A Journey in Modern Computer Architectures: 06/2007

Semiconductor chip yield is one of the most guarded secret in the industry. There is no way an outsider could have "guess-timated" an accurate value, except by chance (which is also extremely low). Yet sometimes observations can be made from some big, obvious facts. In this article we will make some (strictly) back-of-envelope calculations of AMD and Intel's yields on dual-core processors, and make implications on native quad-core "manufacturability" from both companies.

The observation and assumptions

For the purpose of discussion, we will make the following assumptions -

In mid-late 2006, Intel occupies ~80% market share with three 300mm 65nm fabs, while AMD occupies ~20% with only 90nm FAB30 (200mm) and FAB36 (300mm).
AMD's FAB30 has the same wafer throughput as Intel's 65nm fabs. FAB36, while under 90-to-65nm transition and having low utilization, further increases production volume by 50%.
Intel's main production in 3Q 2006 is Core 2 Duo and dual-core Netburst, with Core 2 Quad volume small enough to be negligible to our discussion (e.g., 10% or less).
The most significant factor except those described above are the yield of the fabs, and AMD's FSB36 has about the same dual-core K8 yield as its 90nm counterparts.
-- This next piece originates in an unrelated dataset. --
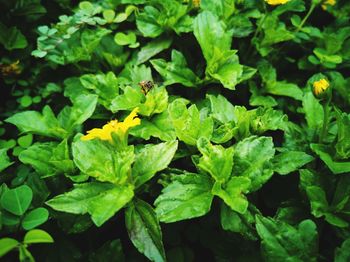 High angle view of fresh green leaves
The assumptions above may be utterly wrong, or they may be good enough for the "back-of-envelope" purpose. My point here is not to commend their validity; rather it is to make clear that the arguments below will hold true only if these assumptions do. Note that Intel's last 65nm fab (Ireland) of the three started production output by July 2006, while AMD's FAB36 started 65nm output in the later part of 4Q that year. Thus at least for 3Q 2006 the above market-share and relative technology differences are known to be true.

The calculations

Potentially, three 300mm 65nm fabs would have 3*2*2 = 12x capacity of one 200mm 90nm fab, if the yields of all fabs are the same. Thus, counting into AMD's FAB36, Intel would've had 12x/1.5 = 8x capacity of AMD with the same (dual-core processor) yield. However, Intel's market share during the period is only 4x that of AMD's. There is thus a 2x discrepancy between Intel's potential capacity (8x of AMD's) and its true capacity (4x of AMD's), which is presumably affected by a lower yield of its fabs. In other words, to reach the expected market share, AMD's FAB30 and FAB36 would have yields twice as good as Intel's 65nm 300mm fabs.

Apparently, this conclusion is not possible. A factor of two in terms of yield is too large, and Intel simply can't be that bad in manufacturing. A few factors may have affected the estimation accuracy here:

Intel's 65nm fabs may have lower wafer throughput or utilization than AMD's FAB30 and FAB36 combined, particularly the Ireland fab which was ramping for just 4 months, and D1D which is also used for 45nm research & development.
Intel may be making much more Core 2 Quad, which effectively cuts production volume in half (two Core 2 Duo dies make one Core 2 Quad).

Taking into consideration of the two factors above, we'll adjust the estimated yield difference from 2x down (quite arbitrarily) to 1.5x. Note that a high percentage of Netburst-related products from Intel actually makes the discrepancy larger, since Netburst chips are smaller in size per die, much matured, and should have better yield than the cutting-edge Core 2 Duo.

The Implication

So how does this 1.5x yield difference affect "native" quad-core manufacturing? Suppose AMD's dual-core K8 yield is 81%; Intel's Core 2 Duo yield would be just 54% (1/1.5x). By 1st-order estimate, AMD's native quad-core would have a yield of roughly 65% (0.81*0.81), whereas Intel's would have 29% (0.54*0.54). In other words, out of 100 quad-core dies, AMD is able to make 65 functional quad-core processors, while Intel only 29, less than 50% of its smaller competitor. It is not difficult to see why AMD is going native but Intel won't until late 2008.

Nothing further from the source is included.